■ Data extracts
[Start of Attachment]

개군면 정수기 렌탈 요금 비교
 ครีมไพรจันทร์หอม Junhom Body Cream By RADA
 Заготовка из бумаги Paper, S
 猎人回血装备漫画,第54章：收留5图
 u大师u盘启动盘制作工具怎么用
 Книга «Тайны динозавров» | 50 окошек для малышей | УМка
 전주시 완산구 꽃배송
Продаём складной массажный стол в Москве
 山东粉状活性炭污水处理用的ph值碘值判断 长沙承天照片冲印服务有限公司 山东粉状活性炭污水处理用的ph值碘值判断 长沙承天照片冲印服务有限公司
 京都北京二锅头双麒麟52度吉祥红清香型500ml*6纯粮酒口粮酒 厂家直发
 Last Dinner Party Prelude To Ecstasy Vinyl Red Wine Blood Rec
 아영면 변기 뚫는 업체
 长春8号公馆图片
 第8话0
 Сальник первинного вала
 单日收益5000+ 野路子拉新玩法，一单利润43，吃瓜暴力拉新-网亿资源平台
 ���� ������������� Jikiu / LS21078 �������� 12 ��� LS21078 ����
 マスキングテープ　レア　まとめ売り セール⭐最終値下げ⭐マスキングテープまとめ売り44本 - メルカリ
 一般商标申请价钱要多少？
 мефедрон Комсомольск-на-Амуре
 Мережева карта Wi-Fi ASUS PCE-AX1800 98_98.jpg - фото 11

[End of Attachment]

■ Task objective
Type out the entries again, word for word.

■ Reply
개군면 정수기 렌탈 요금 비교
 ครีมไพรจันทร์หอม Junhom Body Cream By RADA
 Заготовка из бумаги Paper, S
 猎人回血装备漫画,第54章：收留5图
 u大师u盘启动盘制作工具怎么用
 Книга «Тайны динозавров» | 50 окошек для малышей | УМка
 전주시 완산구 꽃배송
Продаём складной массажный стол в Москве
 山东粉状活性炭污水处理用的ph值碘值判断 长沙承天照片冲印服务有限公司 山东粉状活性炭污水处理用的ph值碘值判断 长沙承天照片冲印服务有限公司
 京都北京二锅头双麒麟52度吉祥红清香型500ml*6纯粮酒口粮酒 厂家直发
 Last Dinner Party Prelude To Ecstasy Vinyl Red Wine Blood Rec
 아영면 변기 뚫는 업체
 长春8号公馆图片
 第8话0
 Сальник первинного вала
 单日收益5000+ 野路子拉新玩法，一单利润43，吃瓜暴力拉新-网亿资源平台
 ���� ������������� Jikiu / LS21078 �������� 12 ��� LS21078 ����
 マスキングテープ　レア　まとめ売り セール⭐最終値下げ⭐マスキングテープまとめ売り44本 - メルカリ
 一般商标申请价钱要多少？
 мефедрон Комсомольск-на-Амуре
 Мережева карта Wi-Fi ASUS PCE-AX1800 98_98.jpg - фото 11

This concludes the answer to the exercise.